--- RECORDS FOR THE EXERCISE Enclosed Below ---
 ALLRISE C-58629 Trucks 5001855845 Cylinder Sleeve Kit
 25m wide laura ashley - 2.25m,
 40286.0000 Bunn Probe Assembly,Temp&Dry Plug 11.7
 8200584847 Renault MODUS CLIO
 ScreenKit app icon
--- End of Enclosed RECORDS FOR THE EXERCISE ---
--- RECORDS FOR THE EXERCISE Enclosed Below ---
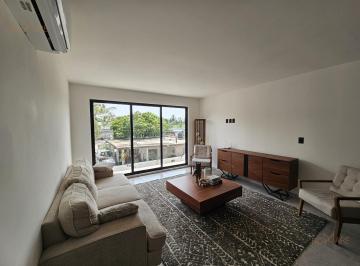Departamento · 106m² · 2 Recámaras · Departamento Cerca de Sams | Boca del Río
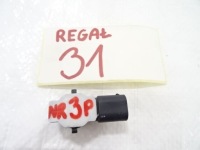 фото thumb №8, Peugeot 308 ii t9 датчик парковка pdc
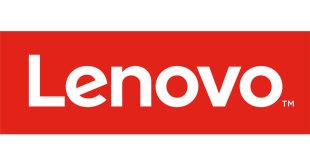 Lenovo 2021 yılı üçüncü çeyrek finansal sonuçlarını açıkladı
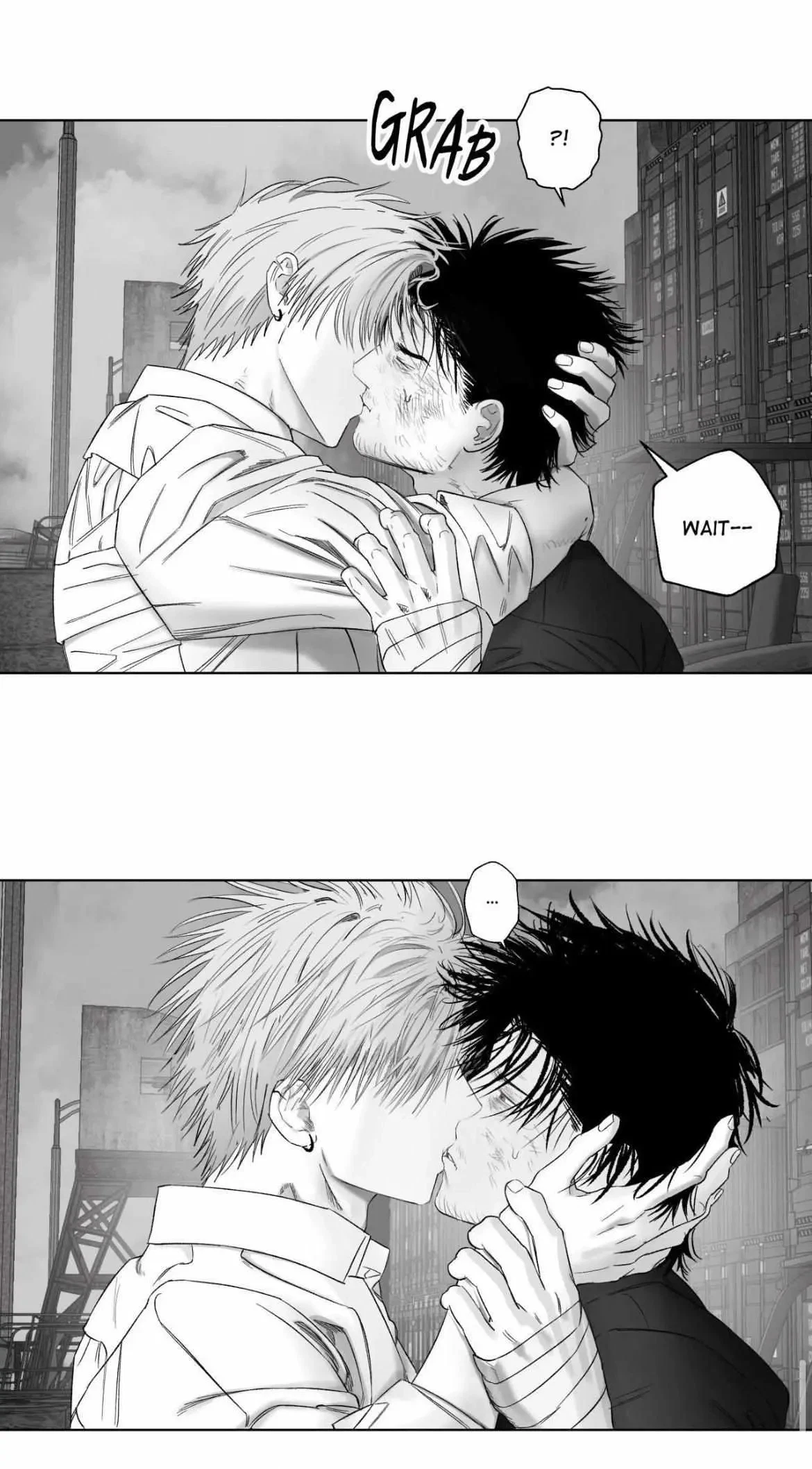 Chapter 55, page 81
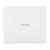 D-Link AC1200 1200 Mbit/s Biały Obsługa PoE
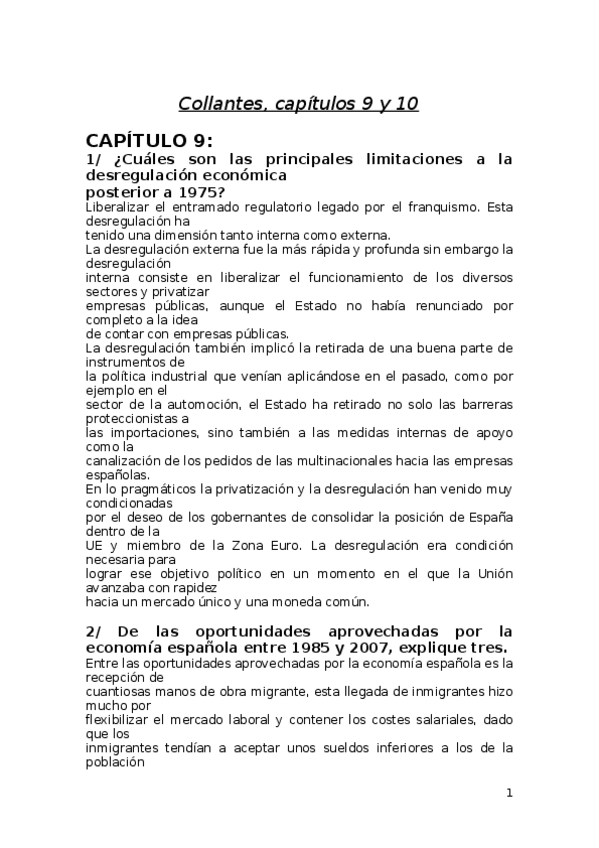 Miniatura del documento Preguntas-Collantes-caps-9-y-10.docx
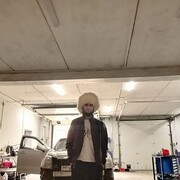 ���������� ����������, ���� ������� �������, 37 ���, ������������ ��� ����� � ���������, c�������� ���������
--- End of Enclosed RECORDS FOR THE EXERCISE ---
REQUIREMENT: Taking the material above, give again exactly the lines from the one holding "Departamento · 106m²" through the one holding "Miniatura del documento", with both ends and without pictures.

WORKED SOLUTION:
Departamento · 106m² · 2 Recámaras · Departamento Cerca de Sams | Boca del Río
 фото thumb №8, Peugeot 308 ii t9 датчик парковка pdc
 Lenovo 2021 yılı üçüncü çeyrek finansal sonuçlarını açıkladı
 Chapter 55, page 81
 D-Link AC1200 1200 Mbit/s Biały Obsługa PoE
 Miniatura del documento Preguntas-Collantes-caps-9-y-10.docx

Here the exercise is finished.